Quote Originally Posted by Sleepwalker View Post
It seems as if more and more fighters are burning out/fatiguing in early stages of fights these days.

Do they spend most of their time in the gym and do "a little running here and there", thus underestimating its importance?
@Sleepwalker from what iv seen alot of it is to do with the trainers not understanding what the judges are looking for.

Iv been a judge in amateur and asked some coaches what they think we need to see. They told me that the punches have to knock the head back!! Thats rubbish. As a judge you are looking for punches that have had effort put in them and not just a pawing jab. Those punches also need to land with the knuckle on the scoring area.

They are teaching their fighters to put everything in to every punch so they come out like Mike Tyson in the first round and blow themselves out. They load up on everything and inevitably most of it doesnt land or score anyway amd they are exhausted for the rest of the fight.

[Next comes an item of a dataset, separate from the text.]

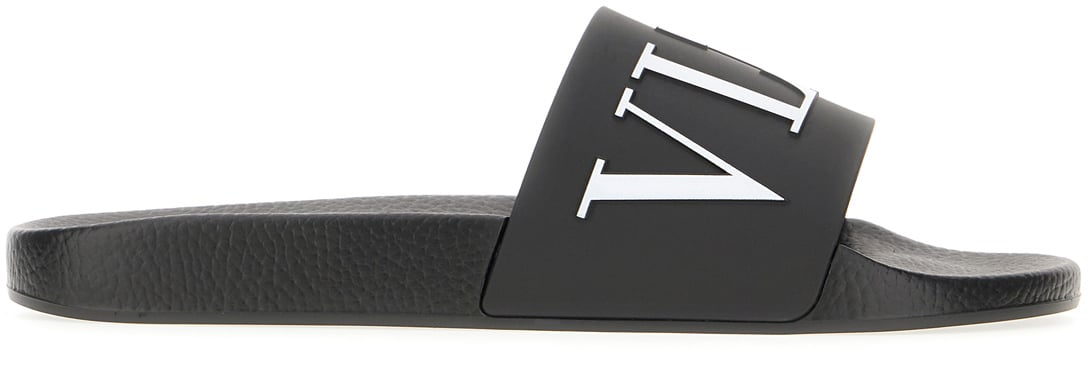 Valentino Valentino Black rubber slippers Zwart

Some of this also comes from not being taugt defense enough. Lots of people who call the,selves trainers like to replicate what they have seen on telly with Mayweather and Pacquiao on the pads and they think this makes them good trainers.

Their fighters are not confident in their ability to defend against punches and will not stand in punching range. They launch themselves with loaded up punches and it just looks messy, tires them and gets them no where on the scoring.

What they should be doing is make the pm feel comfortable standing in punching range and concentrating on landing scoring punches in sparring. Replicate a fight by having the other fighters sat ringside with the clicker counters scoring this sparring. This way everyone gets a good understanding of whats being scored and what the judges need to see rather than just the blind leading the blind.